MicroRNAs (miRNAs) play an important role in gene regulatory networks in animals. Yet, the mechanistic details of their function in translation inhibition or messenger RNA (mRNA) destabilization remain controversial. To directly examine the earliest events in this process, we have developed an in vitro translation system using mouse Krebs-2 ascites cell–free extract that exhibits an authentic miRNA response. We show here that translation initiation, specifically the 5′ cap recognition process, is repressed by endogenous let-7 miRNAs within the first 15 minutes of mRNA exposure to the extract when no destabilization of the transcript is observed. Our results indicate that inhibition of translation initiation is the earliest molecular event effected by miRNAs. Other mechanisms, such as mRNA degradation, may subsequently consolidate mRNA silencing.

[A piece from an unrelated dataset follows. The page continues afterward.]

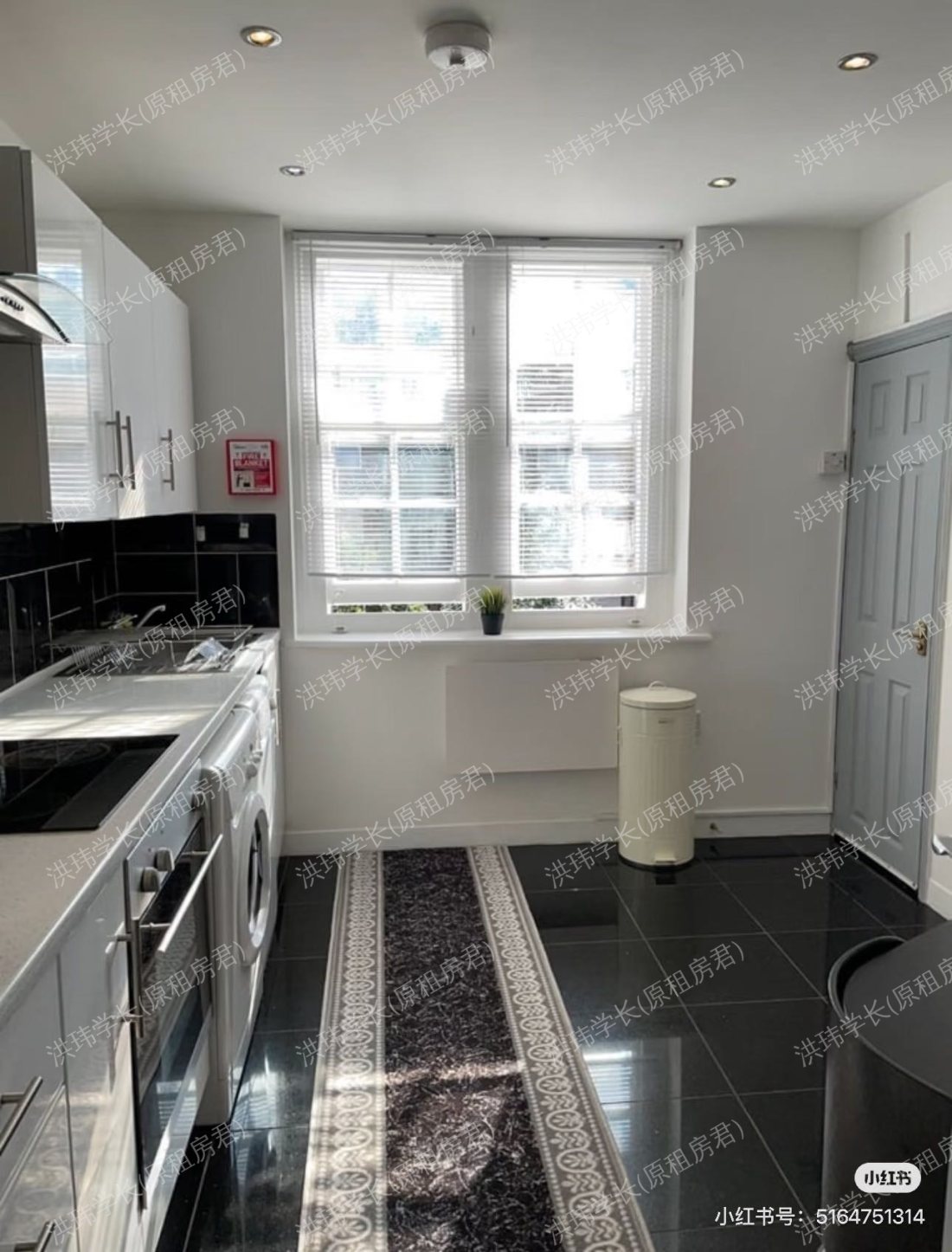 12Flat, Sinclair House, Sandwich St.公寓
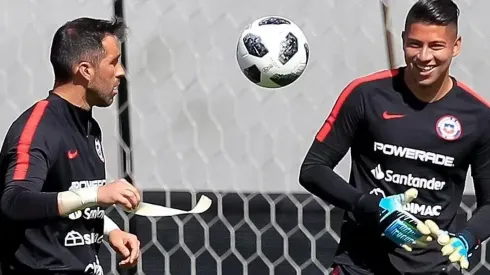 Claudio Bravo y Brayan Cortés jugando por la Selección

MicroRNAs (miRNAs) are short [∼21 nucleotides (nt) in length] regulatory RNAs encoded within the genomes of organisms ranging from plants to animals. They are implicated in the regulation of a wide variety of biological processes (17). miRNAs act in association with Argonaute (Ago) proteins as components of the RNA-induced silencing complex (RISC) to repress mRNA expression (8, 9). Studies using in vivo systems reported that miRNAs either inhibit translation or lead to the degradation of the target mRNA or proteolysis of the nascent polypeptide (1017). An important limitation to the in vivo studies is the fact that the outcome of mRNA silencing has been examined hours or days after the initial mRNA target recognition. Thus, the development of an in vitro system is necessary to understand the biochemistry of miRNA function, especially the early steps after the recruitment of RISC to the mRNA.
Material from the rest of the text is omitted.